Task to complete:
Your output should be the lines of the entries below, exactly, from the first one through the line that holds "Charming single-story home".

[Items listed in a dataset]
------

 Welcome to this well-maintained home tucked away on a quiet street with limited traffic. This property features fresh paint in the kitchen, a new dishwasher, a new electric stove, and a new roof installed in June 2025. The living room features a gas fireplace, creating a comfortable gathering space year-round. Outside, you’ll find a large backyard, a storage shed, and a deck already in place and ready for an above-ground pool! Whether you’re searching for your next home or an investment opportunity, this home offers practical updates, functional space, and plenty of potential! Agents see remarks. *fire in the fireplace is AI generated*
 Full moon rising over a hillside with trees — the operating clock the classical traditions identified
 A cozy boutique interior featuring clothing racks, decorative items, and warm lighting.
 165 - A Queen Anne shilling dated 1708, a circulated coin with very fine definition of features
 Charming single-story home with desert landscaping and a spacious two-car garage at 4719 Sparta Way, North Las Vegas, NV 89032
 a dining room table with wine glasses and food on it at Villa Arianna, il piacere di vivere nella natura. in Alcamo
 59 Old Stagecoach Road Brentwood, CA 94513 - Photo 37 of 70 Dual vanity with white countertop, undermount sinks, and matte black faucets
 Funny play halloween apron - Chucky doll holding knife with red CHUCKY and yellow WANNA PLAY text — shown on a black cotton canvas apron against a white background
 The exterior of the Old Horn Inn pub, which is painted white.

------

Answer box:
 Welcome to this well-maintained home tucked away on a quiet street with limited traffic. This property features fresh paint in the kitchen, a new dishwasher, a new electric stove, and a new roof installed in June 2025. The living room features a gas fireplace, creating a comfortable gathering space year-round. Outside, you’ll find a large backyard, a storage shed, and a deck already in place and ready for an above-ground pool! Whether you’re searching for your next home or an investment opportunity, this home offers practical updates, functional space, and plenty of potential! Agents see remarks. *fire in the fireplace is AI generated*
 Full moon rising over a hillside with trees — the operating clock the classical traditions identified
 A cozy boutique interior featuring clothing racks, decorative items, and warm lighting.
 165 - A Queen Anne shilling dated 1708, a circulated coin with very fine definition of features
 Charming single-story home with desert landscaping and a spacious two-car garage at 4719 Sparta Way, North Las Vegas, NV 89032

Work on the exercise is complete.